→ What the task asks: Go through the entries below and print, exactly, the lines starting at the one with "Stainless steel refrigerator" and ending at the one with "Pasillo rojo con", keeping both ends and no others.

(Dataset excerpts)
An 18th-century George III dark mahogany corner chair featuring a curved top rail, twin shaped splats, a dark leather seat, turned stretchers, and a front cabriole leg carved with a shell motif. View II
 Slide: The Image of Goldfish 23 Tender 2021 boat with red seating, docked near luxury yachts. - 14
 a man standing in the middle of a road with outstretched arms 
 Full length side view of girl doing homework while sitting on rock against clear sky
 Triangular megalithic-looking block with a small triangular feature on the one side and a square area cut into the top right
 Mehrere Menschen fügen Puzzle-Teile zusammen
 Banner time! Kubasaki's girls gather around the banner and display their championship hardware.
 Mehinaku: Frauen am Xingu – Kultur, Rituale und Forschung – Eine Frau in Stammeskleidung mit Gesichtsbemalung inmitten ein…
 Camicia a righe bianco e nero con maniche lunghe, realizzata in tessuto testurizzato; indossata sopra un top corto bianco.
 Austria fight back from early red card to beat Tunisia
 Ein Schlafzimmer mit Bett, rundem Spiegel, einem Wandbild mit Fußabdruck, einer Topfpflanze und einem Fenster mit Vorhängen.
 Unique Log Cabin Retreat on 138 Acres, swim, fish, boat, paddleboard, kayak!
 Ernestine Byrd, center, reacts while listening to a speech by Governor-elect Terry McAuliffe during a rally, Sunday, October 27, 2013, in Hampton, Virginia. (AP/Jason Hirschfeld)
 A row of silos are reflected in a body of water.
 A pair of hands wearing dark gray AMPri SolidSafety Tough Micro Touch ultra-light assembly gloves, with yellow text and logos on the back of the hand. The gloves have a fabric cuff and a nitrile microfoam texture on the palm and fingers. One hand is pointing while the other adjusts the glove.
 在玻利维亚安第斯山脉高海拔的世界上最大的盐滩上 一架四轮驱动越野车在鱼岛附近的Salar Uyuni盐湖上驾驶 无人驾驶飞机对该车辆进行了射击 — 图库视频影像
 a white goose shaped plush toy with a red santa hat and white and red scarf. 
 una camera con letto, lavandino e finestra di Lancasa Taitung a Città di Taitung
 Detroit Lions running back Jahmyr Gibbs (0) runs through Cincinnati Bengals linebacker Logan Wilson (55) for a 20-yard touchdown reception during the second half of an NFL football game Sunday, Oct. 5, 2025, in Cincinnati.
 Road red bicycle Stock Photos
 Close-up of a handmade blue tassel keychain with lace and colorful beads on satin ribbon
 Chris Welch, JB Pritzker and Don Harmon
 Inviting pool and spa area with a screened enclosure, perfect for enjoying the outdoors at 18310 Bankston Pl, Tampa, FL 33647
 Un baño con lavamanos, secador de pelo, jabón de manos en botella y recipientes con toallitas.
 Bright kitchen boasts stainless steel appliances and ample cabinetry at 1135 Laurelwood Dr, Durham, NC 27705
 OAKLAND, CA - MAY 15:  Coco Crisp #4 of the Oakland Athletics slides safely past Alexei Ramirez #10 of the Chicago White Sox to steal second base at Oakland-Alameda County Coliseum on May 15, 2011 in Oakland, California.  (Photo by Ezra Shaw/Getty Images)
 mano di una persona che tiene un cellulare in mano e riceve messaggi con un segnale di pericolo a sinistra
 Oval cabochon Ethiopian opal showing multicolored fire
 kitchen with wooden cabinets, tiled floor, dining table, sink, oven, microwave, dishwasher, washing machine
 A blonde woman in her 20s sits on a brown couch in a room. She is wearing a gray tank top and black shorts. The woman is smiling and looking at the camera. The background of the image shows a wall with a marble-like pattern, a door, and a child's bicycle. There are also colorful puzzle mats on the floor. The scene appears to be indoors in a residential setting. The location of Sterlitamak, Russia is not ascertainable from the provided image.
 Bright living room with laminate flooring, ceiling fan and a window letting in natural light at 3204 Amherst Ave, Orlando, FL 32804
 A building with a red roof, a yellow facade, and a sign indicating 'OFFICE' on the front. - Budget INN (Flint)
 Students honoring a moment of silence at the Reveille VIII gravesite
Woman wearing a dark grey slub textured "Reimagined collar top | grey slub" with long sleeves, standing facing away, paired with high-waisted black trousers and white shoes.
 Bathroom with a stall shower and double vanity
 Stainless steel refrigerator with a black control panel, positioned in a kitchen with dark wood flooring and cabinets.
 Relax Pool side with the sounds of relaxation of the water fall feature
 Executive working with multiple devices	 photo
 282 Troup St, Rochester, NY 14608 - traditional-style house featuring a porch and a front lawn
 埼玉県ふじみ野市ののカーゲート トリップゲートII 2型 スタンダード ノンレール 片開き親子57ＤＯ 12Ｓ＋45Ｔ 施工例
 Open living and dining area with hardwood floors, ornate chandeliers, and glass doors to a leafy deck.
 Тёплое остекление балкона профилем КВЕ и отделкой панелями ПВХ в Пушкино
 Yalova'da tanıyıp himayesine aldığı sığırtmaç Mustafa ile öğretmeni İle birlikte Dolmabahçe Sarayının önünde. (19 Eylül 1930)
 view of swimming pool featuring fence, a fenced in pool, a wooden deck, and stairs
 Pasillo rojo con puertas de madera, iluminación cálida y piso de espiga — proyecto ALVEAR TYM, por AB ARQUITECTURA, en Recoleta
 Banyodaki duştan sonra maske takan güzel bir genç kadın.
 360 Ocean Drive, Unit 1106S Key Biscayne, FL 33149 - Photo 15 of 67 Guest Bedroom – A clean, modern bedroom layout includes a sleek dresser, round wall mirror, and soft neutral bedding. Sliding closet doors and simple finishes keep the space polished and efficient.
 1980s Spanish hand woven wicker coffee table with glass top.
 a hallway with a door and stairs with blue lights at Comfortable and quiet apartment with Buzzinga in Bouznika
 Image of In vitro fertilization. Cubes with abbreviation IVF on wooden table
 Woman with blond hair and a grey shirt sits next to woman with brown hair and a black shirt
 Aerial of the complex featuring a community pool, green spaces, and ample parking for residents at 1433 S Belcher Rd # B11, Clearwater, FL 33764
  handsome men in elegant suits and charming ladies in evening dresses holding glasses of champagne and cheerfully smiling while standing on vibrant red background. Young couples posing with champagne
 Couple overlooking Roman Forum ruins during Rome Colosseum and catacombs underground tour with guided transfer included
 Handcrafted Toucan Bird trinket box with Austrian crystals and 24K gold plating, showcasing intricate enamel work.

→ Result for this task:
 Stainless steel refrigerator with a black control panel, positioned in a kitchen with dark wood flooring and cabinets.
 Relax Pool side with the sounds of relaxation of the water fall feature
 Executive working with multiple devices	 photo
 282 Troup St, Rochester, NY 14608 - traditional-style house featuring a porch and a front lawn
 埼玉県ふじみ野市ののカーゲート トリップゲートII 2型 スタンダード ノンレール 片開き親子57ＤＯ 12Ｓ＋45Ｔ 施工例
 Open living and dining area with hardwood floors, ornate chandeliers, and glass doors to a leafy deck.
 Тёплое остекление балкона профилем КВЕ и отделкой панелями ПВХ в Пушкино
 Yalova'da tanıyıp himayesine aldığı sığırtmaç Mustafa ile öğretmeni İle birlikte Dolmabahçe Sarayının önünde. (19 Eylül 1930)
 view of swimming pool featuring fence, a fenced in pool, a wooden deck, and stairs
 Pasillo rojo con puertas de madera, iluminación cálida y piso de espiga — proyecto ALVEAR TYM, por AB ARQUITECTURA, en Recoleta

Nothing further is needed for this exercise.